Floros also predicts progress in the development of certain smart packaging technologies, specifically in sensing and detecting. “It could include all kinds of things—pathogens, chemicals, toxins—and it may involve a way of having warning signals sent electronically, like an RFID signal is sent, for example.”

Like packaging solutions based on nanotechnology, says Floros, these smart packaging solutions are down the road a piece. But the groundwork, he says, is being laid today. “In several years,” he adds, “we should be able to take a good look at these kinds of things.”

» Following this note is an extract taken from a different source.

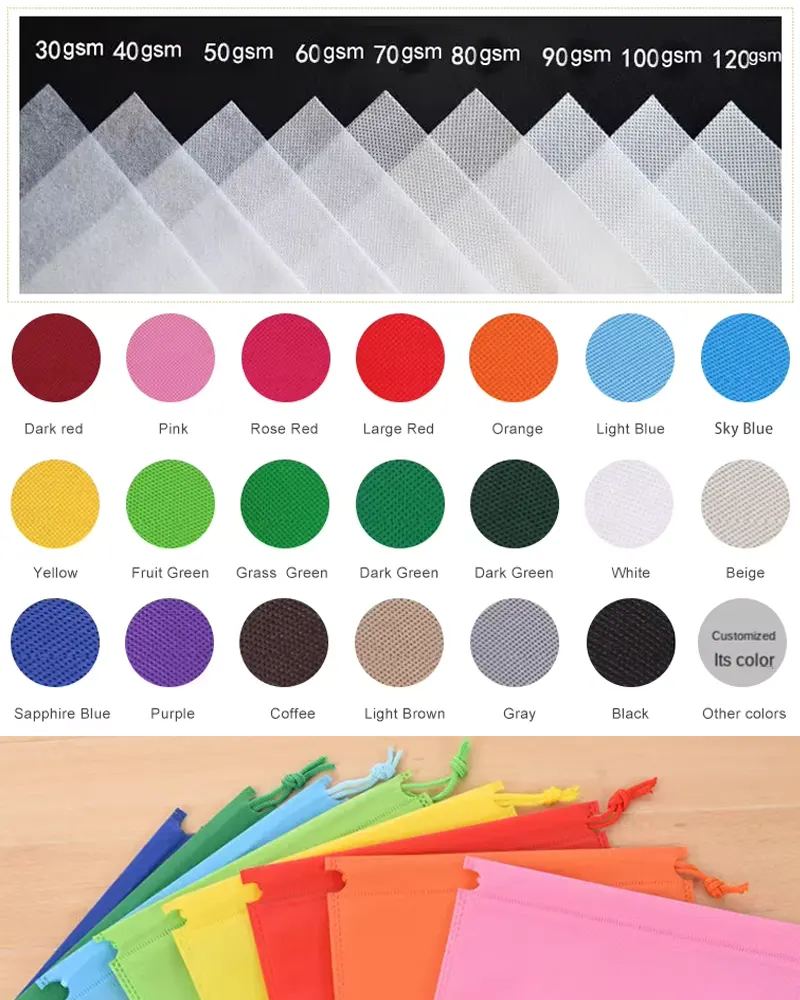 custom options for non woven drawstring bags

Also impressed with smart-packaging developments nearing
commercialization is Barry Goldberg, director of packaging consultancy Tappa Group International. Goldberg delivered a presentation on smart packaging October 31st at The Conference at Pack Expo International 2006. He sees real potential in time/temperature
indicators (TTI).

Among the suppliers of such technology is a company called Temptime (www.temptimecorp.com) (see packworld.com/view-20444). Another such sup plier is FreshPoint Quality Assurance (www.freshpoint-tti.com). It's OnVu™ TTI is activated by UV light and can even be printed on a package substrate.

Goldberg in his Pack Expo International presentation described freshness indicator work being done by Food Quality Sensor Intl. (www.fqsinternational.com). Unlike a TTI that measures time and temperature as an indicator of food spoilage, FQSI's freshQ TM label is an absolute measurement of product freshness, says FQSI. The label is applied, for example, to the inside of the flexible lidding material that goes on a rigid tray of ground beef. In the label is a filter paper containing a chemical indicator solution. As the meat ages, bacteria colonies grow and give off gases called biogenic amines. If these build up and reach a certain level, they react with the chemicals in the freshQ label's indicator and cause the indicator to go from orange to bluish purple, thus indicating that safety of the meat in the pack is no longer assured. Now underway, says FQSI, are tests by Los Angeles-based Unified Western Grocers, a leading independent distributor, and Premium Protein Products, a leading organic beef brand out of Lincoln, NE.

Time and space constraints prevent us from delving any further into other technologies out there that are likely to shape food and beverage packaging in the near future. If we've missed some we shouldn't have, please let us know.